=== Available data ===

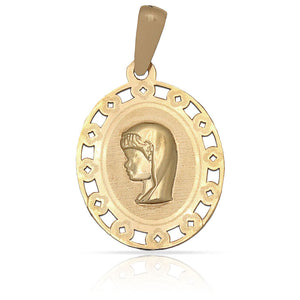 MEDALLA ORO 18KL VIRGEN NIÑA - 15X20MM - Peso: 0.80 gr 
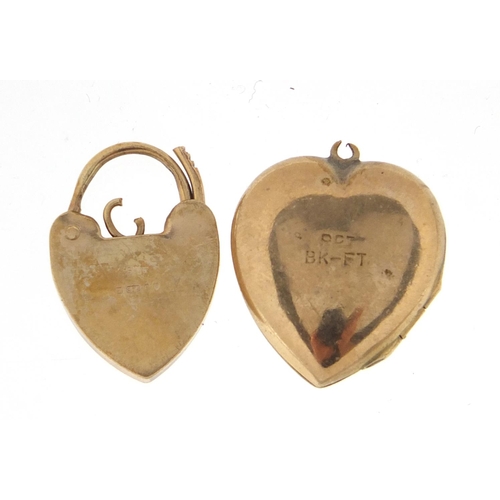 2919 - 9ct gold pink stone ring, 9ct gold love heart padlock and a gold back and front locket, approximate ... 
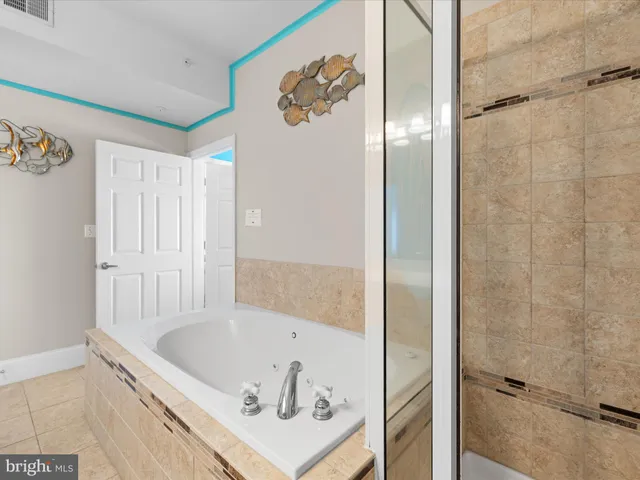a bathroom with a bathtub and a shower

===
=== Available data ===

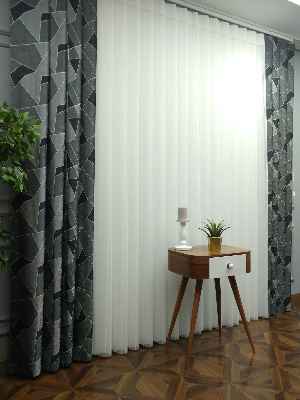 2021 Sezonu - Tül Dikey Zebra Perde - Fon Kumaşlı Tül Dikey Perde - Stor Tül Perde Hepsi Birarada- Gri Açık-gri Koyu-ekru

===

What you should do - Because only one stretch of the records is wanted, please output the lines from the one holding "MEDALLA ORO 18KL" through the one holding "a bathroom with a bathtub and a shower" exactly, both included, and leave every picture out.

Task response -
 MEDALLA ORO 18KL VIRGEN NIÑA - 15X20MM - Peso: 0.80 gr 
 2919 - 9ct gold pink stone ring, 9ct gold love heart padlock and a gold back and front locket, approximate ... 
a bathroom with a bathtub and a shower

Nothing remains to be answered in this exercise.